> Task goal
From the entries below, return only the lines starting at the one that contains "portrait of beautiful" and ending at the one that contains "Fongt Women's Autumn", exactly as they stand.

━━━ Supplied material ━━━

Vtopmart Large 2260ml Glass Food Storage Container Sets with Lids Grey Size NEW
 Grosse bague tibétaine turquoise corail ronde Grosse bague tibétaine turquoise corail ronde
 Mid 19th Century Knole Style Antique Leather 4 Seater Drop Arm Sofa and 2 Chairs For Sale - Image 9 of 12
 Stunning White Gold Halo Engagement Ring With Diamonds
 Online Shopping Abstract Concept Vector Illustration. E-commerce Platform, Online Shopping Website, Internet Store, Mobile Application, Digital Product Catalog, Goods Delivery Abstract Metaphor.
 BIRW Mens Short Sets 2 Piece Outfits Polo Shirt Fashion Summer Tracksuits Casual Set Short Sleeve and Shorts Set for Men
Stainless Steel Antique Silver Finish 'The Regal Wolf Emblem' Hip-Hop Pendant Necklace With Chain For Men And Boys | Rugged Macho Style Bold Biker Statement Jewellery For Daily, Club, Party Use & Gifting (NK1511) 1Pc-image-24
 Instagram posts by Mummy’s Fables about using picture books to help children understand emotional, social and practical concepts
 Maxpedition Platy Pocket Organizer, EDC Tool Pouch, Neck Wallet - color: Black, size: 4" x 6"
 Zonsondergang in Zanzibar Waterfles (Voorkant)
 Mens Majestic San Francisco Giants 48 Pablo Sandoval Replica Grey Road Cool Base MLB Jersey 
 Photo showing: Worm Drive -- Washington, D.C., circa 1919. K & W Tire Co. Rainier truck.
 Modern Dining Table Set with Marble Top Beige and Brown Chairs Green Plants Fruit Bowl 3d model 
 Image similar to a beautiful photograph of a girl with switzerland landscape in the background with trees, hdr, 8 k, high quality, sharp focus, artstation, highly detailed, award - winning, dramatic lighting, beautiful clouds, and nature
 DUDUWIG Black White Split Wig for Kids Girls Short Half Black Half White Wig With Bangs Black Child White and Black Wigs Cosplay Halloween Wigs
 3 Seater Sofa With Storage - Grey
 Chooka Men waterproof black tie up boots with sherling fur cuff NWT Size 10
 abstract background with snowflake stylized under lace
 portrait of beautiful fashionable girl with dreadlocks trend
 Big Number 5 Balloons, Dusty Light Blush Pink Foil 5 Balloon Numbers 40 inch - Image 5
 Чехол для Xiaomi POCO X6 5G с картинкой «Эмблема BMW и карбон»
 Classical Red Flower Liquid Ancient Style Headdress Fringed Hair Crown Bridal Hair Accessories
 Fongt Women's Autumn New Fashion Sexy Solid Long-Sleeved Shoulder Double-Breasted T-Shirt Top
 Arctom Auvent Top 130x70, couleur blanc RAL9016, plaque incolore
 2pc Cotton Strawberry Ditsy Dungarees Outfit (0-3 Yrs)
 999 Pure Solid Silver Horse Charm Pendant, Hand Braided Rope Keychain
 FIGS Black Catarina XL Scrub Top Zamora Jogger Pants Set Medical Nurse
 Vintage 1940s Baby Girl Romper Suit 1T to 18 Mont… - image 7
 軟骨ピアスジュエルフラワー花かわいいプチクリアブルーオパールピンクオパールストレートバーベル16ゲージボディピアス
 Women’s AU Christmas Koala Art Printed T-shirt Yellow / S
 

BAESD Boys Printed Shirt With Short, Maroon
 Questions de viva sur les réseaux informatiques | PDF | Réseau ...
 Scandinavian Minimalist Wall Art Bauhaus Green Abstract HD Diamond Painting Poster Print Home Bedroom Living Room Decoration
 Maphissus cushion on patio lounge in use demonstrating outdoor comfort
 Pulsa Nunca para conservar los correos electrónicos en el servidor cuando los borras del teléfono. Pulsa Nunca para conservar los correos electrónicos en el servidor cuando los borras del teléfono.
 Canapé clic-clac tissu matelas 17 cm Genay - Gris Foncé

━━━

> Answer box
 portrait of beautiful fashionable girl with dreadlocks trend
 Big Number 5 Balloons, Dusty Light Blush Pink Foil 5 Balloon Numbers 40 inch - Image 5
 Чехол для Xiaomi POCO X6 5G с картинкой «Эмблема BMW и карбон»
 Classical Red Flower Liquid Ancient Style Headdress Fringed Hair Crown Bridal Hair Accessories
 Fongt Women's Autumn New Fashion Sexy Solid Long-Sleeved Shoulder Double-Breasted T-Shirt Top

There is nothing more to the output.